> **Information given**:

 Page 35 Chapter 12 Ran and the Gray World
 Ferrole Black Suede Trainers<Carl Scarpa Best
* * *
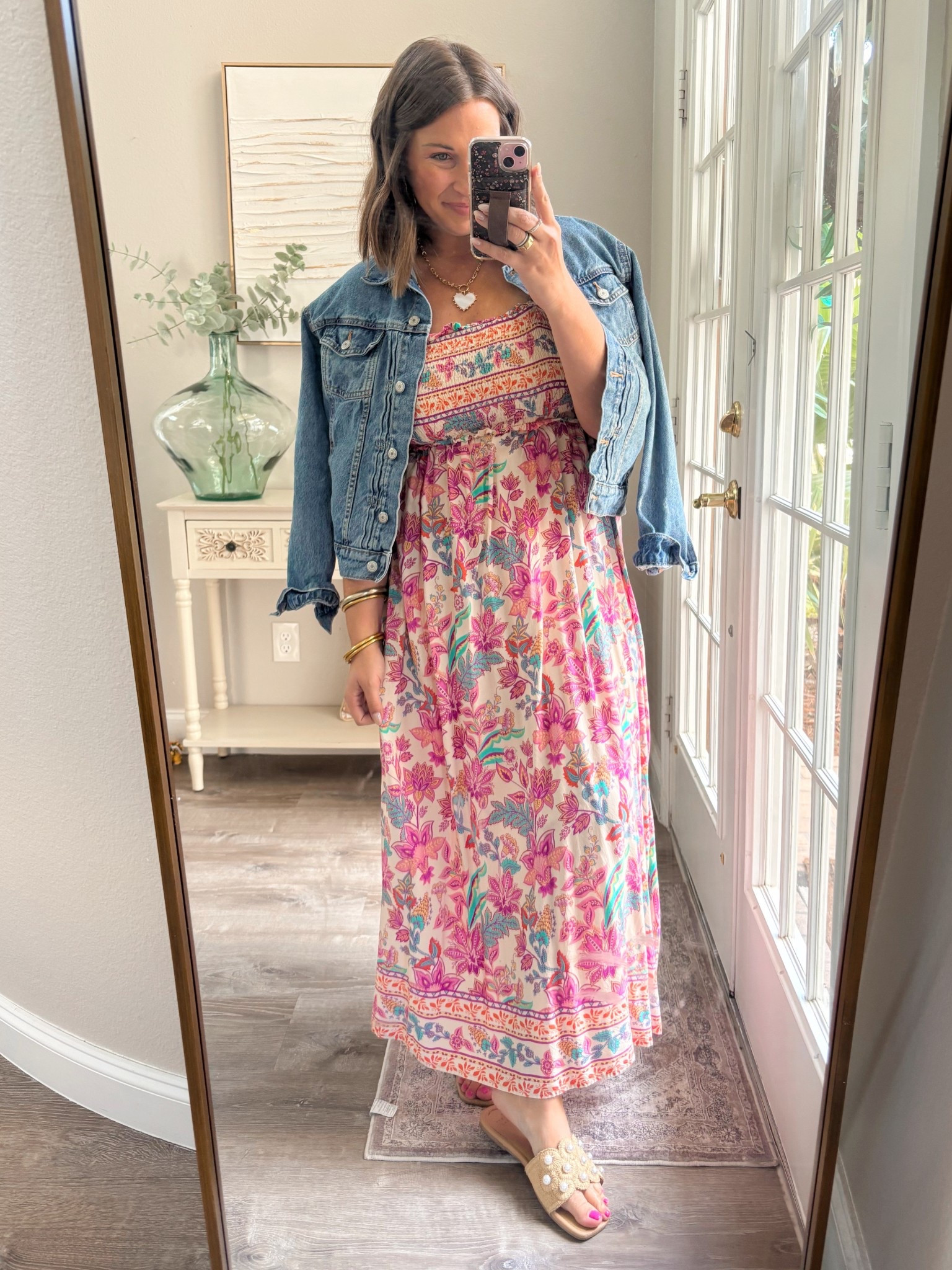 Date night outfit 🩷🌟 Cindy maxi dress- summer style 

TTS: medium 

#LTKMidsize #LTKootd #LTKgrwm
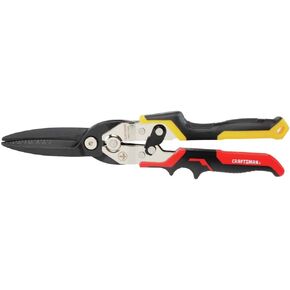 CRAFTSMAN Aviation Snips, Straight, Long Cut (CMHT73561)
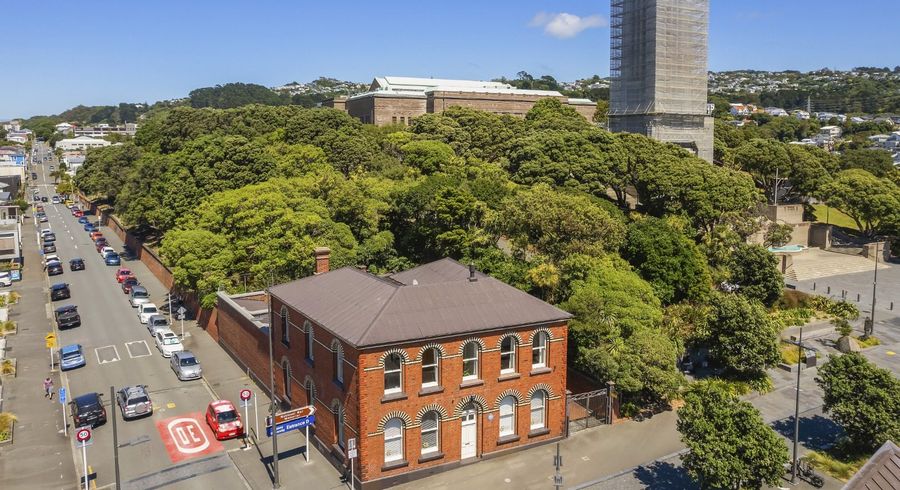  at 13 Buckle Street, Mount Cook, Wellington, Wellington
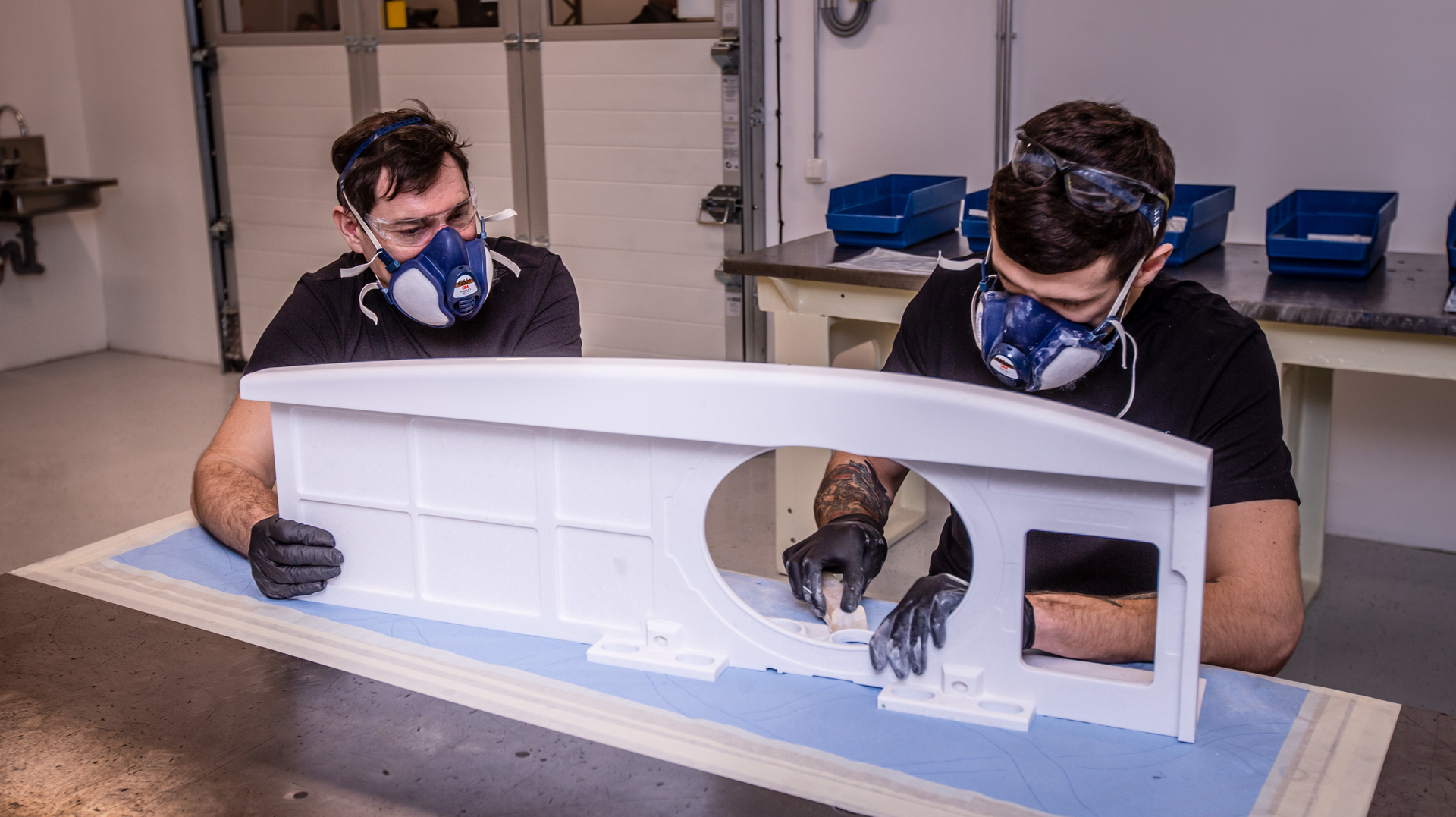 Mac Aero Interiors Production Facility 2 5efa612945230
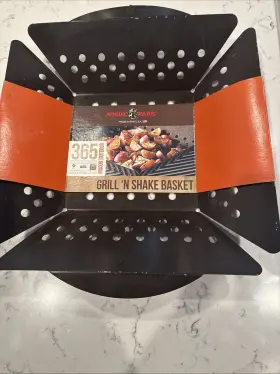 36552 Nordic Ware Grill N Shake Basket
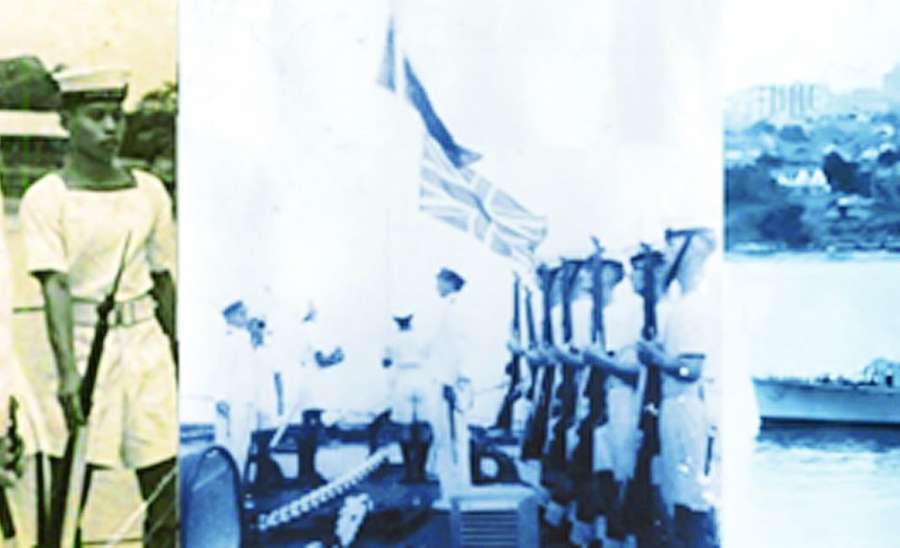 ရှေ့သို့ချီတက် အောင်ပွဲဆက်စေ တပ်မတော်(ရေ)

> **Task requirements**: Among the entries above, find the line with "Page 35 Chapter 12 Ran and the Gray World" and the line with "Ferrole Black Suede"; give again exactly these two lines and all lines between them.

> **Result for this exercise**:
 Page 35 Chapter 12 Ran and the Gray World
 Ferrole Black Suede Trainers<Carl Scarpa Best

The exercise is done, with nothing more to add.